Records from a collection:
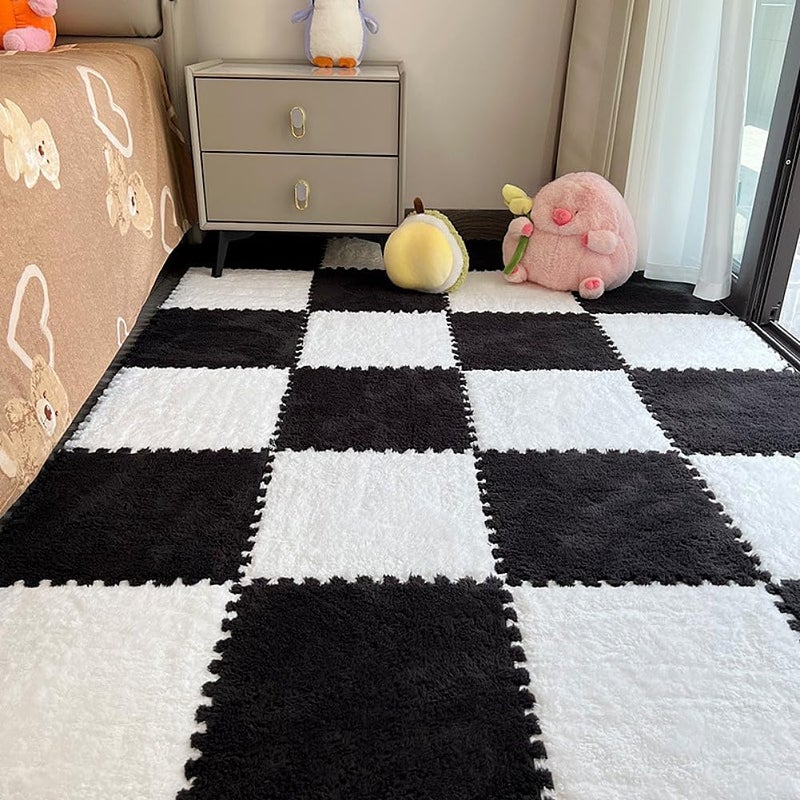 BXEBUI 12pcs Carpet Squares Puzzle Floor Mat, Plush Interlocking Carpet Tiles, Anti Slip EVA Foam Jigsaw Floor Tiles, Build A Safe Area for Bedroom Playroom (White+Black) - Image 1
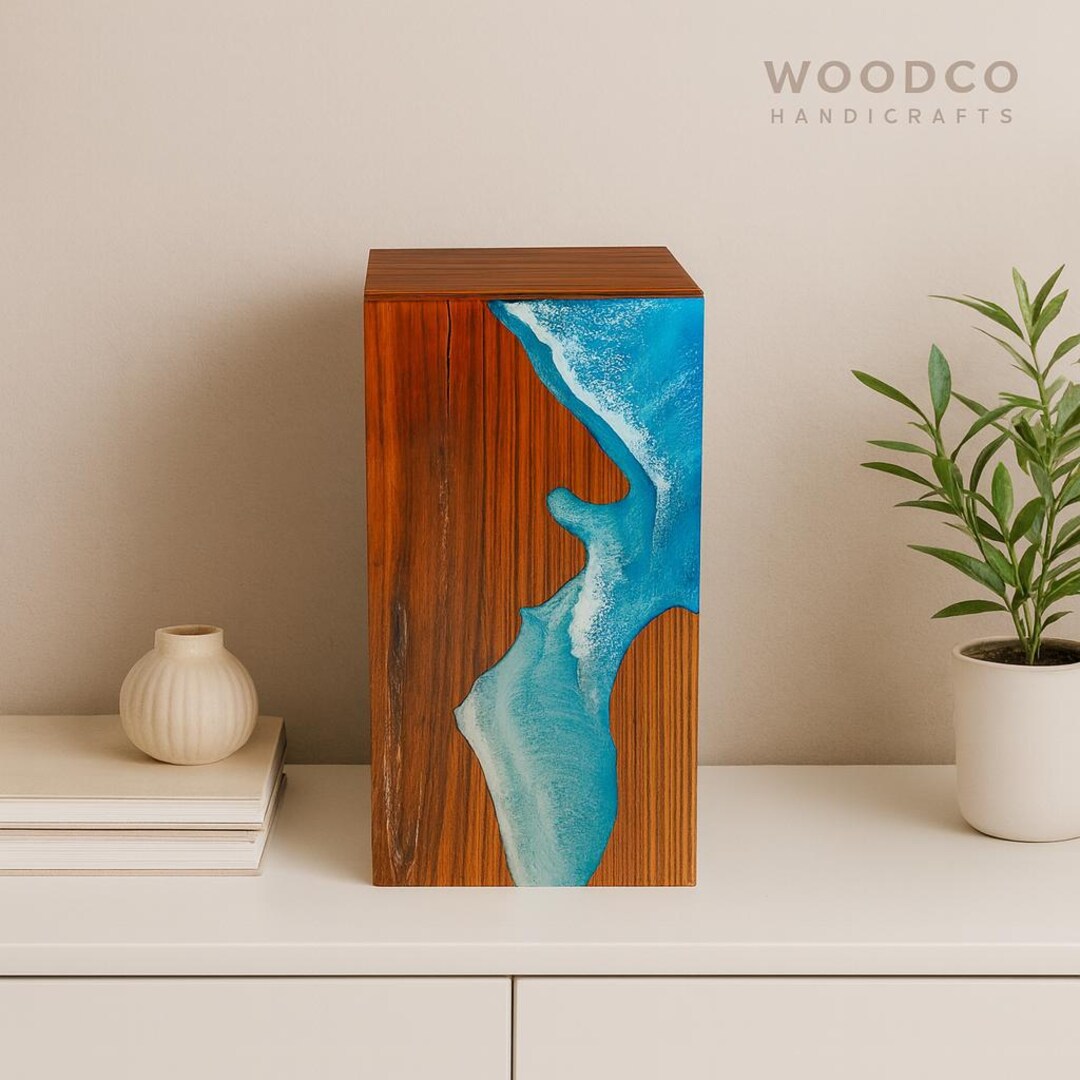 Handcrafted Rosewood Cremation Urn Box: Ocean Wave Design, Memorial ...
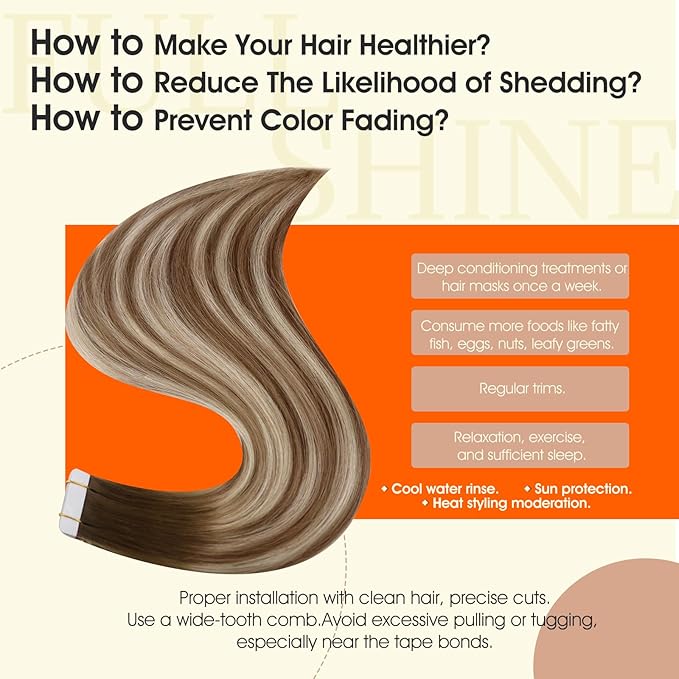 Full Shine Balayage Tape in Hair Extensions Human Hair Color 3/8/22 Darker Brown to Ash Brown Highlights Blonde Hair Extensions Tape ins 50G Seamless Natural Skin Weft Human Hair 20Pcs 22Inch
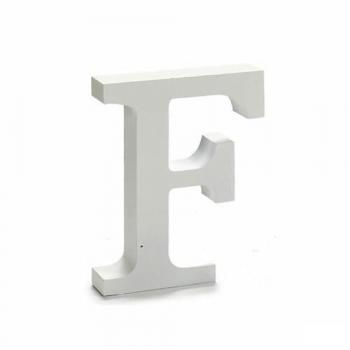Pincello Letra F Madera Blanco - 2 x 16 x 14,5 cm - 24 Unidades - Almacenamiento de Joyas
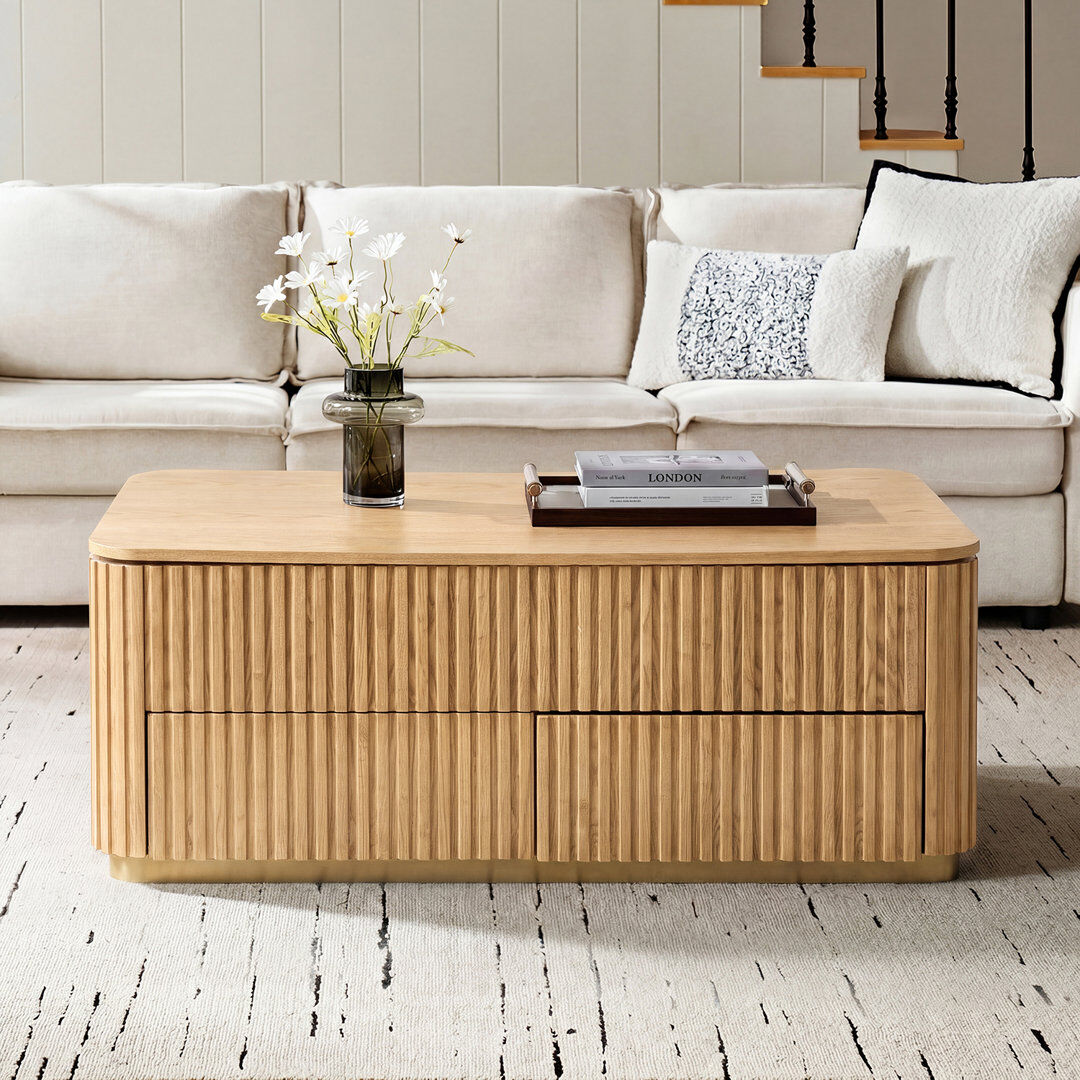 17 Stories Jadida 121.2cm W Manufactured Wood Fluted Lift-Top Coffee Table Natural 45.72cm H X 121.29cm W X 68.58cm D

#### WHAT THE TASK ASKS:
The line containing "Full Shine Balayage" marks the start: set down exactly that line and every line after it through the last line of the data, without any pictures.

#### WRITTEN SOLUTION:
 Full Shine Balayage Tape in Hair Extensions Human Hair Color 3/8/22 Darker Brown to Ash Brown Highlights Blonde Hair Extensions Tape ins 50G Seamless Natural Skin Weft Human Hair 20Pcs 22Inch
Pincello Letra F Madera Blanco - 2 x 16 x 14,5 cm - 24 Unidades - Almacenamiento de Joyas
 17 Stories Jadida 121.2cm W Manufactured Wood Fluted Lift-Top Coffee Table Natural 45.72cm H X 121.29cm W X 68.58cm D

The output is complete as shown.